## Work task
Go through the data line by line. Copy each one holding the string "Inch".

Data provided section start

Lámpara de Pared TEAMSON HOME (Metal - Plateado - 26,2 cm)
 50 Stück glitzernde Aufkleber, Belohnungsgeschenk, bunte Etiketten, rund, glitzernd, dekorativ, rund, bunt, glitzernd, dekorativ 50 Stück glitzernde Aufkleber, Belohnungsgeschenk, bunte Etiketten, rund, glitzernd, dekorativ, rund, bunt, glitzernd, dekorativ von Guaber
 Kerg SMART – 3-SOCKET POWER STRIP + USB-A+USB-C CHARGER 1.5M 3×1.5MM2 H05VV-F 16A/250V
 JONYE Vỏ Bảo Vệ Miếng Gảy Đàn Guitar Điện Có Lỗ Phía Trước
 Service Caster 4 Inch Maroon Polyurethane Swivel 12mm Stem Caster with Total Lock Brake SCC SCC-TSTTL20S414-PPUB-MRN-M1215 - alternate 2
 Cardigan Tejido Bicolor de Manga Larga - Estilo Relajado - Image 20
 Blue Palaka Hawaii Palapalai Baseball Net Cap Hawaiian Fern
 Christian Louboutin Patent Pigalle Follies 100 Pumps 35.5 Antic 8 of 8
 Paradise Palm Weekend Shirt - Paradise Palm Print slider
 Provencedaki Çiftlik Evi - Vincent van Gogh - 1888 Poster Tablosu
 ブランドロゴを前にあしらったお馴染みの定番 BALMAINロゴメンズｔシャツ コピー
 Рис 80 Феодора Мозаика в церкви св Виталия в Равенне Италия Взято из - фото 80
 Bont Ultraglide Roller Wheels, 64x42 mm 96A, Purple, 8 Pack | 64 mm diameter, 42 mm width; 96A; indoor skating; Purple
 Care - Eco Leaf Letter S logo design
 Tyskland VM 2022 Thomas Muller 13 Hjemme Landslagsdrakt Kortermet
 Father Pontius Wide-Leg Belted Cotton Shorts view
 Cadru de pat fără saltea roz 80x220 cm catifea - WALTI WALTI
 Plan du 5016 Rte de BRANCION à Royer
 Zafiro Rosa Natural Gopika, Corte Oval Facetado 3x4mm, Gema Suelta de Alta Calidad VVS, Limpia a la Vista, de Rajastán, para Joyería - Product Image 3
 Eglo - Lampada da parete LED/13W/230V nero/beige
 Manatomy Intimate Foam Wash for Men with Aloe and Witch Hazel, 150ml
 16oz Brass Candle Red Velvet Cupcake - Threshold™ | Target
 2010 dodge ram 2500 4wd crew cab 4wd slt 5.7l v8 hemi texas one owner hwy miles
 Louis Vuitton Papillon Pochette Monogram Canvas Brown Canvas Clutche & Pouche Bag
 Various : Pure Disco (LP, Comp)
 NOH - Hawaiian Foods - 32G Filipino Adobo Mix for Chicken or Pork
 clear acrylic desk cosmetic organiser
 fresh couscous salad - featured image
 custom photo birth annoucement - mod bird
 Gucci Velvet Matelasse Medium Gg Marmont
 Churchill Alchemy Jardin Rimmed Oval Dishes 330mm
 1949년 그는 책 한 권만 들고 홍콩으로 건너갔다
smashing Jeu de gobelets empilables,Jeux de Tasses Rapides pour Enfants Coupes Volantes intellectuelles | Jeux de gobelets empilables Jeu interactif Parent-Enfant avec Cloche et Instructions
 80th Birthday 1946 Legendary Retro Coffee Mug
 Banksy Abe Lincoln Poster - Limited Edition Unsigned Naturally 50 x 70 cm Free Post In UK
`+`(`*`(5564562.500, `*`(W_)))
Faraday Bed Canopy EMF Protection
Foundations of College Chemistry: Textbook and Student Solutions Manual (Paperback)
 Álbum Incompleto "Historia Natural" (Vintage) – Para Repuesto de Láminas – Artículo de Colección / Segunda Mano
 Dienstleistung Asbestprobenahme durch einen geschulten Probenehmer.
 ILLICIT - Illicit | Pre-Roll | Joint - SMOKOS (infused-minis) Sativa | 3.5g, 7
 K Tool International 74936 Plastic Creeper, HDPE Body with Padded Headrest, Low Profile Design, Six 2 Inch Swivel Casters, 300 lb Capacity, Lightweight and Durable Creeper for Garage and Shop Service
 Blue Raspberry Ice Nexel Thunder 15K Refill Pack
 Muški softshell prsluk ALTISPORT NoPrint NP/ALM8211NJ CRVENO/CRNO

Data provided section end

## Response to this exercise
 Service Caster 4 Inch Maroon Polyurethane Swivel 12mm Stem Caster with Total Lock Brake SCC SCC-TSTTL20S414-PPUB-MRN-M1215 - alternate 2
 K Tool International 74936 Plastic Creeper, HDPE Body with Padded Headrest, Low Profile Design, Six 2 Inch Swivel Casters, 300 lb Capacity, Lightweight and Durable Creeper for Garage and Shop Service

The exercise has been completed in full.